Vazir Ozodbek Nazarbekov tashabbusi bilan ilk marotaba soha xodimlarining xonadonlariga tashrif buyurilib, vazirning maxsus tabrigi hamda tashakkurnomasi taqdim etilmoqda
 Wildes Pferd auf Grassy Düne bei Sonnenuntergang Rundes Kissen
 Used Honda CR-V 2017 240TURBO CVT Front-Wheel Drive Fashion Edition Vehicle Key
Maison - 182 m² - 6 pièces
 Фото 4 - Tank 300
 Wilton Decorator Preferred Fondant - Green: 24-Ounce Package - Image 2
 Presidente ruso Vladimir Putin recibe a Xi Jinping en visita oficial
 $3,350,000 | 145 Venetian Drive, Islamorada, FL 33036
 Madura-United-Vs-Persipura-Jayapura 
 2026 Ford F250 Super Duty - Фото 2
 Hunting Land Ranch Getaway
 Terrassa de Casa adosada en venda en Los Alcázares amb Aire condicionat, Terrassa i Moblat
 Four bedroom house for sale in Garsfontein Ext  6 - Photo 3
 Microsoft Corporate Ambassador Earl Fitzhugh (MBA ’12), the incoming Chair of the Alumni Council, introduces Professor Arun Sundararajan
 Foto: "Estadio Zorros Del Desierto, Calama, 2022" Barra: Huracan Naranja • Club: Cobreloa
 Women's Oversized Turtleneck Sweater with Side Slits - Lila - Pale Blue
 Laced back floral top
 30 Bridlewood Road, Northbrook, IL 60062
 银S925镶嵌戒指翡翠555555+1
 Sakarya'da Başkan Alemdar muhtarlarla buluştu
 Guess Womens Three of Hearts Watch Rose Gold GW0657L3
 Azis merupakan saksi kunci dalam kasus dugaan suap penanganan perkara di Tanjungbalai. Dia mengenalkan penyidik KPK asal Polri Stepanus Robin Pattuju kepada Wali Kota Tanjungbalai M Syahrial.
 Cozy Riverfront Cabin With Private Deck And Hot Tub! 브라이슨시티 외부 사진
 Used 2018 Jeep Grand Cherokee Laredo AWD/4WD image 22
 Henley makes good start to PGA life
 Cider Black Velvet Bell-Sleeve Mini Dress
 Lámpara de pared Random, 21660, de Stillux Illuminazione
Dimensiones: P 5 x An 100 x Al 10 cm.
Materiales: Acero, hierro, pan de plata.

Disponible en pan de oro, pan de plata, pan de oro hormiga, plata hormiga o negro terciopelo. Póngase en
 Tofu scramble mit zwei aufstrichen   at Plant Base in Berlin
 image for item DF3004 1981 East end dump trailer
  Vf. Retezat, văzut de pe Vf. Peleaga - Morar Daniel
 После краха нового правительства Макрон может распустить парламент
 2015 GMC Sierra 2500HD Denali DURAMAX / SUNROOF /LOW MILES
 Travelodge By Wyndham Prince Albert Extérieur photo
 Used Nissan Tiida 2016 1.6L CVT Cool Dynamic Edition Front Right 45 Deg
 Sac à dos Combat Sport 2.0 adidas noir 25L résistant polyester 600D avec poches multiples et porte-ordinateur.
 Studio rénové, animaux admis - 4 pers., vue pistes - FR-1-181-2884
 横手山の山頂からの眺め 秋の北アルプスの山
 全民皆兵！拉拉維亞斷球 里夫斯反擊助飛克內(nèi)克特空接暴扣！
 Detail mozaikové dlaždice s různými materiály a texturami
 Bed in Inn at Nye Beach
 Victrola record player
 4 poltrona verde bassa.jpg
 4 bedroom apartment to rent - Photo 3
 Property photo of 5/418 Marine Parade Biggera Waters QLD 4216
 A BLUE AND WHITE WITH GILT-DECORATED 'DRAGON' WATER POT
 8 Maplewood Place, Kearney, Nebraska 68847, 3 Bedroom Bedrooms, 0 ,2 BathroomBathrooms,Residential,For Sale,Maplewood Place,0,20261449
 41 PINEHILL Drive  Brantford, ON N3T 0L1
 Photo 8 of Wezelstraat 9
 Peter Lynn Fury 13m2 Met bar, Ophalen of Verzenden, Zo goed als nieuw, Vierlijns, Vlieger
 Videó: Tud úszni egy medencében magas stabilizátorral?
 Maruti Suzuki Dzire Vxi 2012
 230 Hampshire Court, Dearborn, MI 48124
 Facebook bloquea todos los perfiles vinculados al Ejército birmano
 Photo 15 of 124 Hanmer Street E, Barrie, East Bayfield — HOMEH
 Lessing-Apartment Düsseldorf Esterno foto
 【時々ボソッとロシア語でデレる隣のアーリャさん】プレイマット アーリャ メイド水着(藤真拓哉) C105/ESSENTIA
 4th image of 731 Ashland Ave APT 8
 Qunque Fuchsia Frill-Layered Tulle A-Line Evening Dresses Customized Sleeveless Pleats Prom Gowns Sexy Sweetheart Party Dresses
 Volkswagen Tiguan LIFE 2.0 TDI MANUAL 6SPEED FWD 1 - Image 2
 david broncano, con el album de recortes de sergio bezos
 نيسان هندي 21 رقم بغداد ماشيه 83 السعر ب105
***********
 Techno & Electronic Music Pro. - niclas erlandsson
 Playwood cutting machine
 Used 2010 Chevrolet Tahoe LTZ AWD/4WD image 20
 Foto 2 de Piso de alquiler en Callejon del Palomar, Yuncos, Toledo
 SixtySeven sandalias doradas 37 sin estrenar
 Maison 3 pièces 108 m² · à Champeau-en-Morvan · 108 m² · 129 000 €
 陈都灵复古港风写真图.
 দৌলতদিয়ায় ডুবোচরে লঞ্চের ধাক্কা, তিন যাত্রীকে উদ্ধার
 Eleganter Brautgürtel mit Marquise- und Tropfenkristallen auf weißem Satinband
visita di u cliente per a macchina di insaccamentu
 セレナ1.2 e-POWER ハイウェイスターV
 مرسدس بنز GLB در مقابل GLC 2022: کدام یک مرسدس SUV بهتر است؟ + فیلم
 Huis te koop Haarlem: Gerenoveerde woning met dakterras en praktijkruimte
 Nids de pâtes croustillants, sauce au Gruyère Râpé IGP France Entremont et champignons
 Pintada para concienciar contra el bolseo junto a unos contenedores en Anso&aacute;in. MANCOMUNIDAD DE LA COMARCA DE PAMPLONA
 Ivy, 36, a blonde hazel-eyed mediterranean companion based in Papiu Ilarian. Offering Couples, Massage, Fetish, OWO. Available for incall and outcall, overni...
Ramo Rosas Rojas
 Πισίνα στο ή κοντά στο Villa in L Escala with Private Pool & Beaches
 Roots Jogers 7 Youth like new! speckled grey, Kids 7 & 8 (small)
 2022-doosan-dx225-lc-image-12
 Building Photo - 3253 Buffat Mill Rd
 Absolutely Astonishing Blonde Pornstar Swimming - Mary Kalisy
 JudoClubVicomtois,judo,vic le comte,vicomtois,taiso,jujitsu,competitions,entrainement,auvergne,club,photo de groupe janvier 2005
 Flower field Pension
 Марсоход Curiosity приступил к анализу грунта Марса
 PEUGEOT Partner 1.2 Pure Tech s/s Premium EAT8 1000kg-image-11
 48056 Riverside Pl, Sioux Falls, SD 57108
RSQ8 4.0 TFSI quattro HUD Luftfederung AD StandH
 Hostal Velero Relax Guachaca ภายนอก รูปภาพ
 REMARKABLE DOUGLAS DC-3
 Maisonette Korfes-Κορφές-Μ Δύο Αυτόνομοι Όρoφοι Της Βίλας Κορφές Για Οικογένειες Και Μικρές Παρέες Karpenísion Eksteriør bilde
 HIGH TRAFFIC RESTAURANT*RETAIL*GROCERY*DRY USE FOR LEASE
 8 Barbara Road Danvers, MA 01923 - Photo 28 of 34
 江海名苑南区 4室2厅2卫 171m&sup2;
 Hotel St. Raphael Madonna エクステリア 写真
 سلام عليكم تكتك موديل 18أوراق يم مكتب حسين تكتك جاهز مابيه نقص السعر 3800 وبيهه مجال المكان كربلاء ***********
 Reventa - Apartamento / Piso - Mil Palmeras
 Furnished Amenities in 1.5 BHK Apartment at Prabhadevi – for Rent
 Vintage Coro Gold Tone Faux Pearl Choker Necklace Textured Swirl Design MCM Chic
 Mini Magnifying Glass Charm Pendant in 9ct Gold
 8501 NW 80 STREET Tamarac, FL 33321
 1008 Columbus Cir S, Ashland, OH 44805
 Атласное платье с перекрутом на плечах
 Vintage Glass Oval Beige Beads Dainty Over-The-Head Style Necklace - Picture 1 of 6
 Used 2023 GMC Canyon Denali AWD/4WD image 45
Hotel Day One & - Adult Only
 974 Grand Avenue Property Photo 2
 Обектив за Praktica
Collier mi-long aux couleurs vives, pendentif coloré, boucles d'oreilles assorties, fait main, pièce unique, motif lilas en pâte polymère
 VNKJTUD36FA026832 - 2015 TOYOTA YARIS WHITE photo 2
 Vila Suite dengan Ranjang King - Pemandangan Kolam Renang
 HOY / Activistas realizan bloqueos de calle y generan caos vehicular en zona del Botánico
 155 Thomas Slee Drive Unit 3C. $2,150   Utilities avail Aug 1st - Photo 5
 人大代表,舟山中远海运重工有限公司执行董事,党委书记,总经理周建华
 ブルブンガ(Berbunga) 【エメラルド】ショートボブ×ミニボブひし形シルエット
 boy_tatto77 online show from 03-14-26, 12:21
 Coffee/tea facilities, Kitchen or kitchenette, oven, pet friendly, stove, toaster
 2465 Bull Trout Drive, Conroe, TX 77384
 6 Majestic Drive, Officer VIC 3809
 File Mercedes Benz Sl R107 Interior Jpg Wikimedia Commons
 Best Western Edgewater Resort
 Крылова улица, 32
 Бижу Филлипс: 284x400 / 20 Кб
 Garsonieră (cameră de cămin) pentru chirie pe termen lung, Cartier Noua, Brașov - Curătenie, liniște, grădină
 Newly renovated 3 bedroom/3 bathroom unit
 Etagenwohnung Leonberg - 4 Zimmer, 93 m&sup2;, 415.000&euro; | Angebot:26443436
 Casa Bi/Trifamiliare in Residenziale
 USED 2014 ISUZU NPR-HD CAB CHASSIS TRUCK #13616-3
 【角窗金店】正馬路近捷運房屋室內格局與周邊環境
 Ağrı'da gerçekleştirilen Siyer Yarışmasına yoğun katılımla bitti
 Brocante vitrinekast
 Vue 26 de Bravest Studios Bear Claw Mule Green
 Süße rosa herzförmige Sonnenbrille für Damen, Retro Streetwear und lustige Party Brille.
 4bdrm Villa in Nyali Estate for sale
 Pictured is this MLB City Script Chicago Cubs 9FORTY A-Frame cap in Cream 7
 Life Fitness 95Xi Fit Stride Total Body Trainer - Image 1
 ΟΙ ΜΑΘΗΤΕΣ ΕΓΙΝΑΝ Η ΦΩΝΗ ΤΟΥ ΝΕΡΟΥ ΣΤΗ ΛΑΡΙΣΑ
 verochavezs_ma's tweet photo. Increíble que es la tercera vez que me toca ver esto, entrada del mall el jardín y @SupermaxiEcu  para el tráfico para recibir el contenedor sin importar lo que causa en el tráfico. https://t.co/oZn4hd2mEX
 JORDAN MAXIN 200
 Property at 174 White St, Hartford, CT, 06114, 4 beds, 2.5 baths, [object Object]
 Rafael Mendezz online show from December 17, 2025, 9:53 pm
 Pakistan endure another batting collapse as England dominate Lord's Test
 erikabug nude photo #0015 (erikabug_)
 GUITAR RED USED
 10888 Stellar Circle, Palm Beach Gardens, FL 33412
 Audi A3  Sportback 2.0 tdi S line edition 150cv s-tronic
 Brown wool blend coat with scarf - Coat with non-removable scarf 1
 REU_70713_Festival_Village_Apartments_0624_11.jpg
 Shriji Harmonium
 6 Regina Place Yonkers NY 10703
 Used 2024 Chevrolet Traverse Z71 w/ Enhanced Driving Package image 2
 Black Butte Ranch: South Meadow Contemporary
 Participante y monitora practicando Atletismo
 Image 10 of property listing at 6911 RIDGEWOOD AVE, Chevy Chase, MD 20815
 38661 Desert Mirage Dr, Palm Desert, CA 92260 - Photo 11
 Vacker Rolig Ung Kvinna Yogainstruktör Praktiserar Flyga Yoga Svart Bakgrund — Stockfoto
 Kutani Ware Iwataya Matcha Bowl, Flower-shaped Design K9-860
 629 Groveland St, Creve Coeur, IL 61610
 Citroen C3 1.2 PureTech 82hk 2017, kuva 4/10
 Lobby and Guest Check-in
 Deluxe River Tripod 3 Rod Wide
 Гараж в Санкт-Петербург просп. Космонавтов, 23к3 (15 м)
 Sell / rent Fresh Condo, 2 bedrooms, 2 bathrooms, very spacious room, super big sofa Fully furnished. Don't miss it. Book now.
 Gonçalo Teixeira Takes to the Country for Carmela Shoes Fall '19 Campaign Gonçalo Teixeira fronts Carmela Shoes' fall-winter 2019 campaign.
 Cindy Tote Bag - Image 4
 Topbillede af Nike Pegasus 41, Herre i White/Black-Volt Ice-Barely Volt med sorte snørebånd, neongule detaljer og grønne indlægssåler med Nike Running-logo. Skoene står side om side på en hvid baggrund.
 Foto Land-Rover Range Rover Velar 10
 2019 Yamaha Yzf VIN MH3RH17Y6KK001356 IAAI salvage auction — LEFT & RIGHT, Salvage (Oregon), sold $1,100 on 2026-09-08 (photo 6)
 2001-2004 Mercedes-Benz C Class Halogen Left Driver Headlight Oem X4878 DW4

* YOUR OBJECTIVE
Everything from the line with "Used 2023 GMC Canyon Denali AWD/4WD image 45" through the line with "HOY / Activistas" in the listing above must be retyped exactly, with nothing added.

* WRITTEN SOLUTION
 Used 2023 GMC Canyon Denali AWD/4WD image 45
Hotel Day One & - Adult Only
 974 Grand Avenue Property Photo 2
 Обектив за Praktica
Collier mi-long aux couleurs vives, pendentif coloré, boucles d'oreilles assorties, fait main, pièce unique, motif lilas en pâte polymère
 VNKJTUD36FA026832 - 2015 TOYOTA YARIS WHITE photo 2
 Vila Suite dengan Ranjang King - Pemandangan Kolam Renang
 HOY / Activistas realizan bloqueos de calle y generan caos vehicular en zona del Botánico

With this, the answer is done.